Victoria’s controversial fire service reforms could be amended after Premier Daniel Andrews agreed to work with concerned crossbenchers.
The bill has stalled in the upper house, with the Andrews Labor Government unable to get crossbench support for it ahead of parliament rising for the winter break.
The five upper house independents are concerned about the level of consultation with volunteer-only CFA stations in the bush.
The government has now agreed to a Coalition motion to establish a new parliamentary committee to examine the bill.
The concession comes at the same time a new Galaxy poll published in the Herald Sun and commissioned by an anonymous national organisation shows Labor has slipped behind the Coalition 47-53 on a two-party-preferred basis.
Mr Andrews said he had ‘‘absolutely no comment to make on that poll’’, but did say the government would be open to considering changes to its fire services bill based on the select committee’s findings.
‘‘We’re talking with the crossbench; we’ll continue to do that. We’ll look at any report that comes back in good faith,’’ Mr Andrews said last week.
State Member for Euroa and Nationals Deputy Leader Steph Ryan said the outcome was a win for volunteers from across the region.
‘‘This whole saga has had an enormous toll on volunteers from across the Euroa electorate who have been fighting to stop the bill,’’ Ms Ryan said.

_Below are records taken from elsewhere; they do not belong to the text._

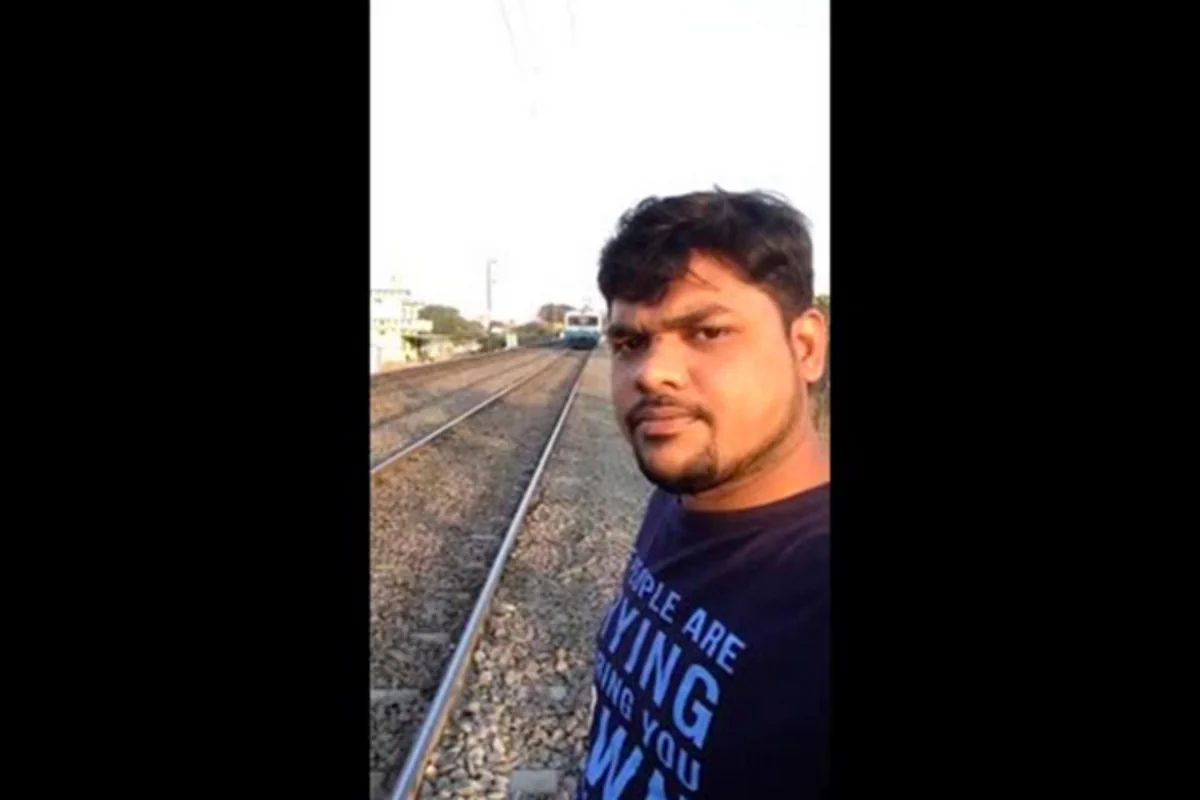 A blogger taking selfie hit by train - VIDEO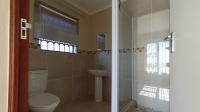 Main Bathroom - 4 square meters of property in Montana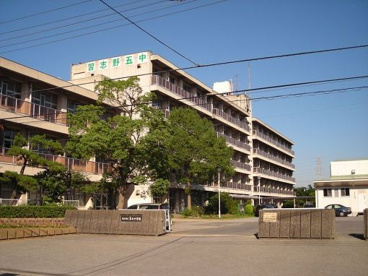  習志野市立第五中学校の画像1
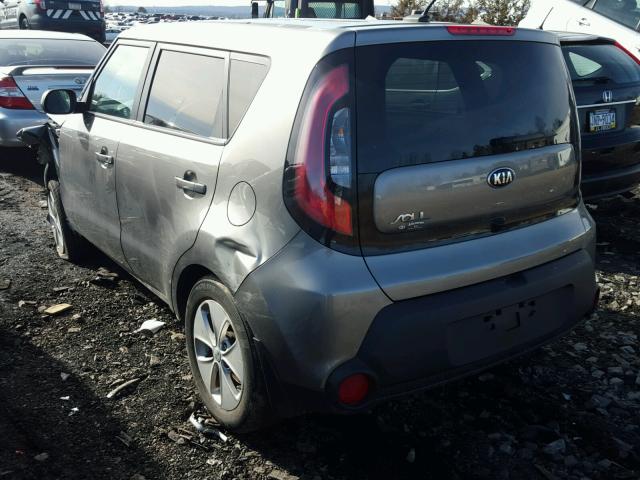 KNDJN2A27G7407610 - 2016 KIA SOUL GRAY photo 3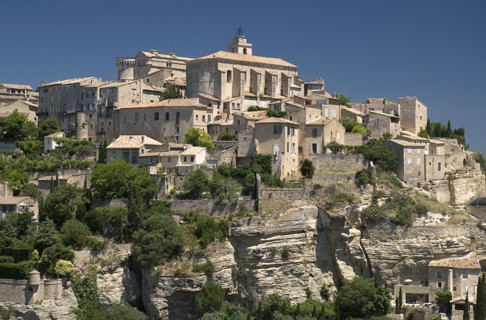 FRANCE, Provence Cote d’Azur, Vaucluse, Gordes.  Village situated on hilltop with sixteenth century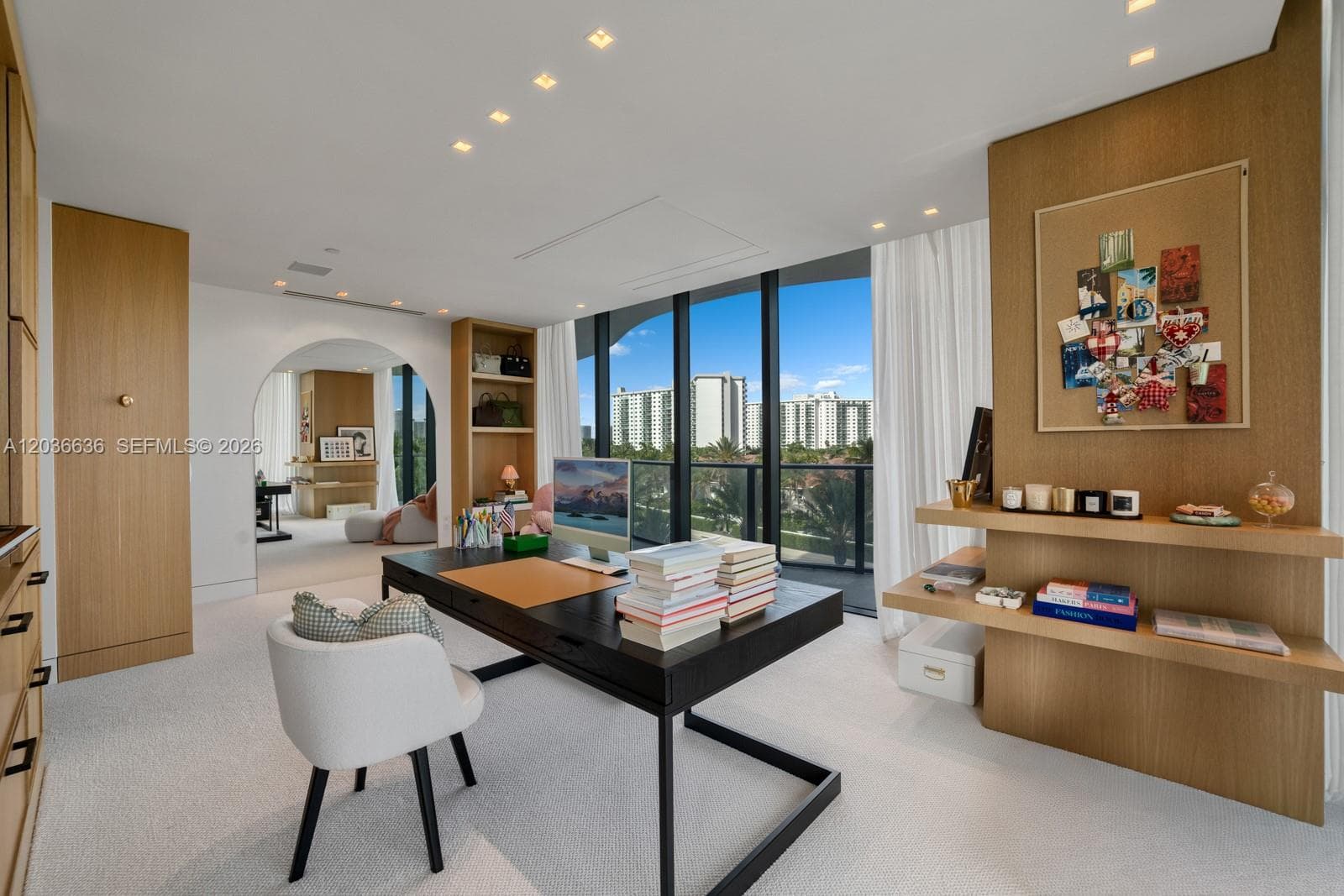 19575 Collins Ave 3 photo 19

‘‘We owe a lot to the tireless efforts volunteers from districts 12, 22 and 23 have put in to raising concerns about Daniel Andrews’ proposal to split the fire services.

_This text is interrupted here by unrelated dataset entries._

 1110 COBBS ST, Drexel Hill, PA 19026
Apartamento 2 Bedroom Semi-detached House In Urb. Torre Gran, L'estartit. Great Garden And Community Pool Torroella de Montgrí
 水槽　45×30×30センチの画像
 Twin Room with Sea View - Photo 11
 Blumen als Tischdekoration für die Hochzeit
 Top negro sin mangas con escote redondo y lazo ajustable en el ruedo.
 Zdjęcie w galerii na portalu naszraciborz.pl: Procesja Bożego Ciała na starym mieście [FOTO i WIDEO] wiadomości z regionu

‘‘The government did its best to ram the legislation through without consultation with CFA volunteers but in the end, thanks to pressure from The Nationals, Liberals and crossbench MPs, Labor realised it didn’t have enough votes to pass the bill.’’
Ms Ryan said she had met with fire brigades across the electorate and had many conversations with individual volunteers in recent weeks about the bill.
‘‘Many are deeply concerned that the government has broken the CFA volunteers charter through its refusal to consult with them on the legislation before it was introduced,’’ she said.